That's crazy I just came through there yesterday and mapped it out about 5:30. I wanted to save the route for future night cruises up old River. Tragic! Prayers for all involved.


----------



## PELAGIC PIRATE (Oct 10, 2007)

*poor posting of the coastal waters*

I've been fishing from OB for the last 5 years and the GOM for over 16 years, and I have always felt OB to be one of the poorest marked coastal waterways i have ever fished with the exception of Louisiana.

The channel opening is very narrow and confusing at dark due to the bridge and markers that can be seen over the rocks, and depending on your entry it can confuse the best into thinking they are entering the bay but actually about to hit the rocks. This has happened over and over again , and no changes have been made to correct the entry.

The main pass has little to no working navigation lights when coming and going and then there are confusing marked channels all along the bay entry toward the east headed up to barbers marina. There are several places with zero channel marker lights and then double green and strange red markers in odd places that make think your not in the right channel. 

In places I have fished like California and South florida the main passes have a rolling set of channel lights on the rocks to display the rocks in full view along with heavily marked and lighted channel pole markers.

With the billions of tax dollars OB has received over the years they should maybe spend a few hundred thousand and upgrade the Navigation markations throughout the bay and main pass.


----------



## Burnt Drag (Jun 3, 2008)

Our channels are marked I.A.W IALA Bouyage System When you run outside channels, you're on your own. We have plotters, depth finders with alarms. This was a tragic accident that occurred as a result of operator error. I don't know if Capt. Larry was intoxicated, but they'll probably publish it... Larry was a nice fellow. This is sad news. He'd worked for this company since I met him in 92.


----------



## kingfish501 (Oct 7, 2007)

PELAGIC PIRATE said:


> I've been fishing from OB for the last 5 years and the GOM for over 16 years, and I have always felt OB to be one of the poorest marked coastal waterways i have ever fished with the exception of Louisiana.
> 
> The channel opening is very narrow and confusing at dark due to the bridge and markers that can be seen over the rocks, and depending on your entry it can confuse the best into thinking they are entering the bay but actually about to hit the rocks. This has happened over and over again , and no changes have been made to correct the entry.
> 
> ...


OB isn't responsible for navigation lights and markers. That would be the US Coast Guard and the DOT. All the markers and lights are correct. BTW...those " wierd" flashing lights are also correct. Some mark split channels and tell you which way the preferred or main channel is...some are marking wrecks. You need to learn the codes on those flashes. 

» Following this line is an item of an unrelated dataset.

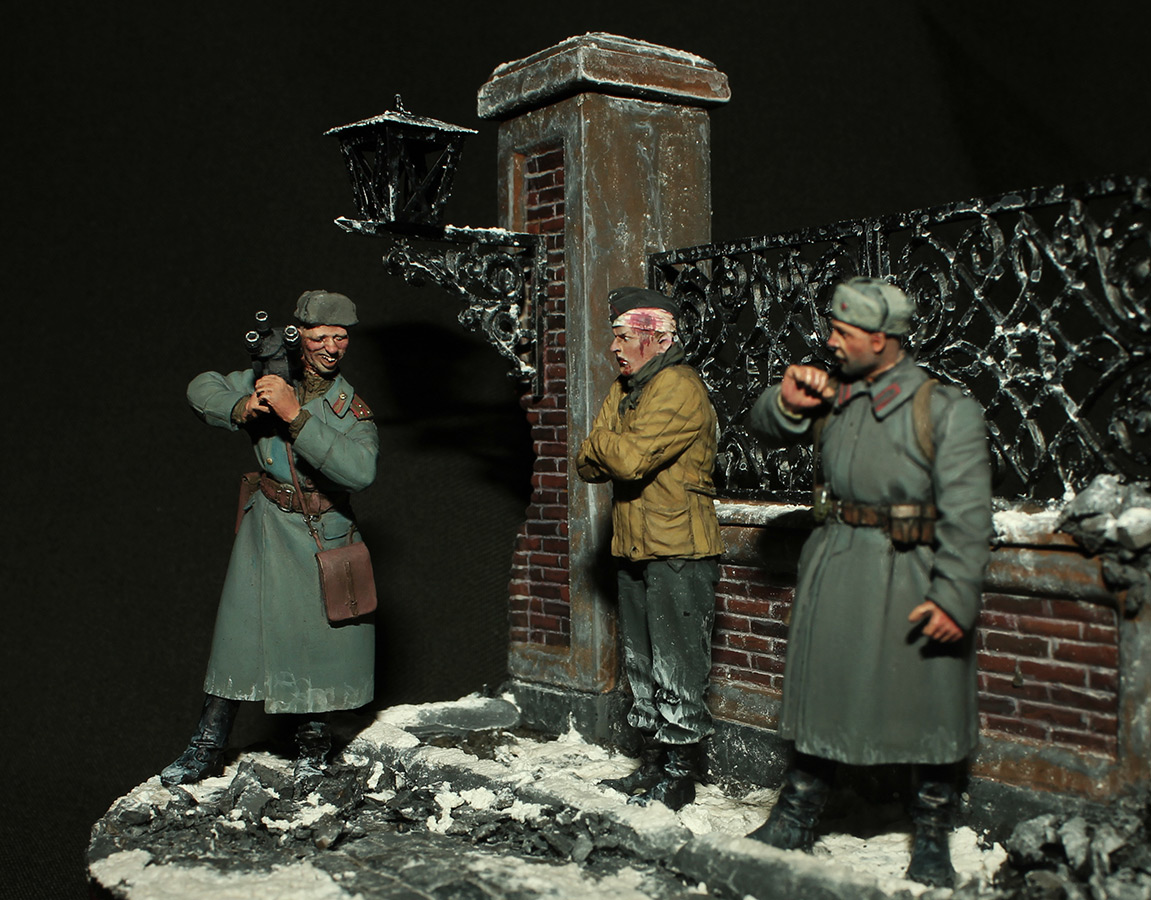 Dioramas and Vignettes: When you did attack the wrong country, photo #4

Before the advent of GPS, interphases with radars and bottom machines, etc, we used these silly pieces of paper called " charts". We actually had to know how to read buoys ,navigation lights and charts. Its old fashioned to know how to do that, instead of depending on electronics, I know, but actually looking at a chart can save your life and your boat.

I actually took a 1600 class LCU from Virginia to Panama via Puerto Rico using a radar, a magnetic compass and a gyrocompass and charts...and sextant ...i was 3 miles off arriving at Roosevelt Roads and 6 miles off arriving at Crisobel Colon, due to storms and not being able to get a celestial fix. Amazing, right? Back then, a GPS was the size of 4 filing cabinets put together and only military ships had them.


----------



## Water Spout II (Feb 26, 2009)

So did he hit the bar behind Rabbitt Island or did he hit Pinfish Island?


----------



## Joraca (Dec 29, 2007)

https://www.google.com/maps/@30.308068,-87.4513929,2534m/data=!3m1!1e3


----------



## whalerjon (May 7, 2010)

“Before the advent of GPS, interphases with radars and bottom machines, etc, we used these silly pieces of paper called " charts". We actually had to know how to read buoys ,navigation lights and charts. Its old fashioned to know how to do that, instead of depending on electronics, I know, but actually looking at a chart can save your life and your boat.”

^^^^^
Amen

I am certainly not saying that this is what happened the other night but Too many people on the water just blindly steering toward a waypoint with no regard for rules of the road or terrain. The same has happened in aviation. Automation kills.


----------



## RMS (Dec 9, 2008)

OB is a complicated area occupied by a lot of boaters and numerous distractions.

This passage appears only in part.